The University of Utah will have two new buildings on campus by spring 2026. One will house the Center for Medical Innovation, which moved off-campus in October 2023. The second will be home to the Kahlert School of Computing, which is intended to accommodate the growing student body in the School of Engineering. Both projects broke ground this May.
James LeVoy Sorenson Center for Medical Innovation
The Center for Medical Innovation, or CMI, is a program aimed at advancing medical technology. It offers prototyping, engineering, property law and marketing services to facilitate the development and implementation of new medical devices.
“The Center for Medical Innovation is a unique department here at the University of Utah,” said Adam Ruechel, program manager for the CMI. “[It] is designed to be a very agile and responsive group to bring new medical technologies from concept to use in the hospital, in the OR, into the market as quickly and as successfully as possible.”
Their Bench to Bedside competition has given rise to several medical advancements, including the telemedicine service Doxy.me, a group called Light Line Medical, which uses light to sterilize catheters and Rebel Medicine, a non-opioid pain medication.
On May 24, the U broke ground on the new CMI building named after James LeVoy Sorenson. Sorenson had over 50 patents and invented medical technologies like the sterile disposable face mask and the first real-time computerized heart monitoring system. The Sorenson Legacy Foundation kickstarted the fundraising campaign for the new $50 million building with a donation of $22 million.
“James Sorenson was a prolific entrepreneur, prolific inventor, and he made a tremendous amount of money in real estate,” Ruechel said. “But what his true passion was … medical innovation.”
The building, located at 27 South Mario Capecchi Drive, is aptly placed to link the U’s Health campus to main campus. The building’s placement will help facilitate CMI’s partnerships with the School of Engineering, School of Business, School of Law and Medical School.
“It’s all about having all of these resources in one spot for all of these things to come together,” Ruechel explained. “It’s very much intended to be a meeting place for people to come in and collaborate.”

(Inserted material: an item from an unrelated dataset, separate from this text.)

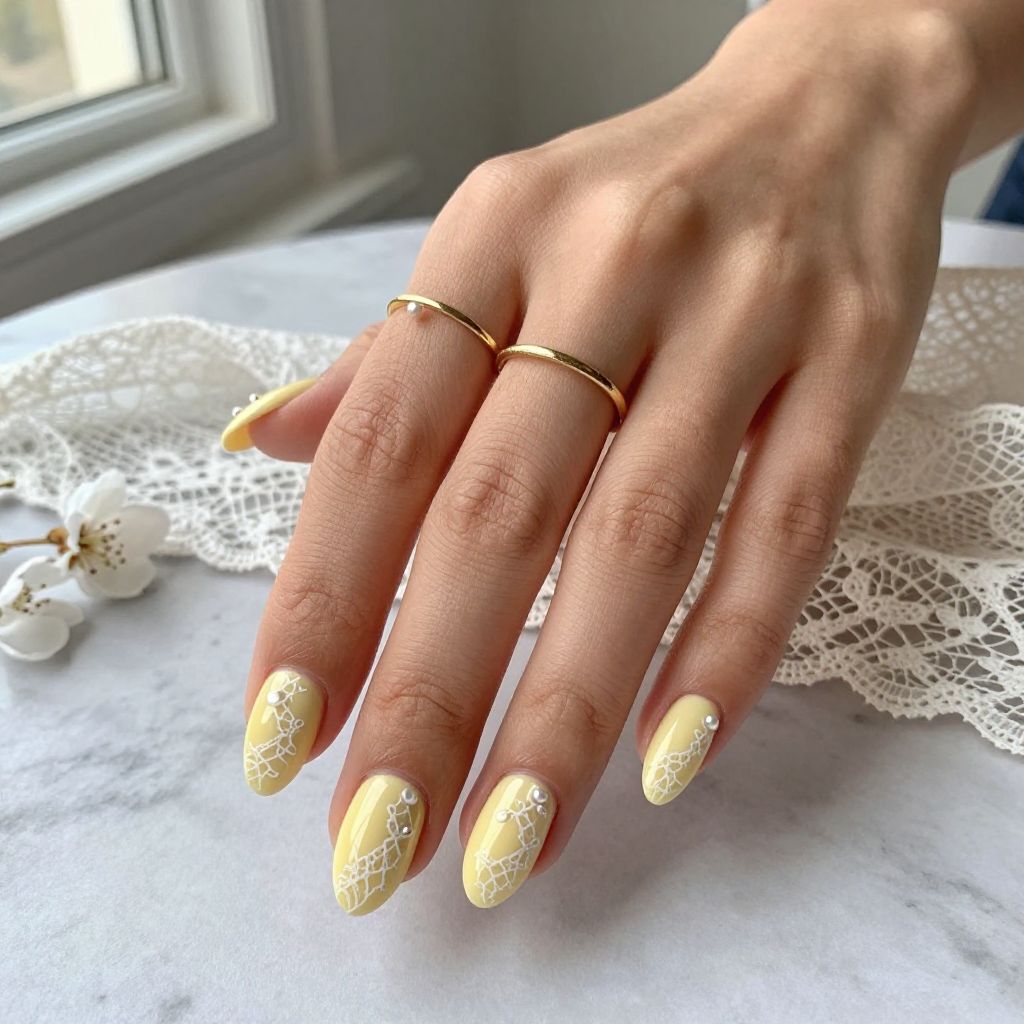 Yellow nail design 12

The 60,000 square foot building will include assembly and prototyping labs, incubator spaces for start-up companies and a first-of-its-kind discovery suite.
“It’s going to be essentially a modular simulated environment in both the hospital OR setting but also exam rooms, the dentist’s office, at home healthcare, and a number of these other like very specific environments that we find in healthcare,” Ruechel said. “What it will do is allow engineers, allow industry, clinicians and physicians to come to our facility and use these spaces, not for educational training, but for discovery training.”
So, when a new medical device is being tested, engineers and doctors can try out the device in as close to a real-world scenario as possible. The suite will be 20,000 square feet, taking up the entire top floor of the building.
John and Marcia Price Computing and Engineering Building
The School of Engineering is adding a new 253,000-square-foot building to its program. The John and Marcia Price Computing and Engineering Building broke ground on May 16 and is set to open in spring 2026
“[The School of Engineering has] grown a lot during the last 20 years,” Dean Richard Brown of the School of Engineering said. “When I came here, we were graduating about 400 students a year, and this year, it’s about 1400 students.”
As the U’s engineering program has grown, so has the tech space in Utah.
“In 2020, Utah had about 1,500 high-tech companies, and now has about 10,000 high-tech companies, and a lot of that growth has been the result of the fact that we are producing more engineers and computer scientists,” Brown explained.
In the wake of this growth, the legislature provided $108 million for the construction of the new $187 million building.
“That’s the most money they’ve ever given to an academic building,” Brown said, “and the reason they did it is because they need a workforce for these companies that are in Utah.”
The John and Marcia Price Family Foundation supplemented the building with a $15 million leading donation and the Kahlert Foundation added another $15 million.
The six-story structure will include 70,000 square feet of research space, 12 classrooms and a 400-seat auditorium to accommodate large lectures like those for Programming for All courses.
“We have had no place in engineering where we could teach those. They’ve been taught in performance halls, which are far from ideal,” Brown explained. “Even then, there were students sitting on the floor. It’s just not been too good.”
Other features include an event space, an atrium and spaces for industry partners that will “provide a more direct relationship with students and faculty,” according to the building’s webpage. These spaces will be rented out to companies so that university students can work and intern for these companies from a more convenient location.
“I think that’s going to be one of the most popular spots on campus,” Brown said.
The building, located on Central Campus Drive near the Warnock Engineering Building, does come at the cost of a 30-stall parking lot. Shawn Wood, university spokesperson, said the U does not have plans to install any new parking stalls on campus in the wake of this lot’s demolition.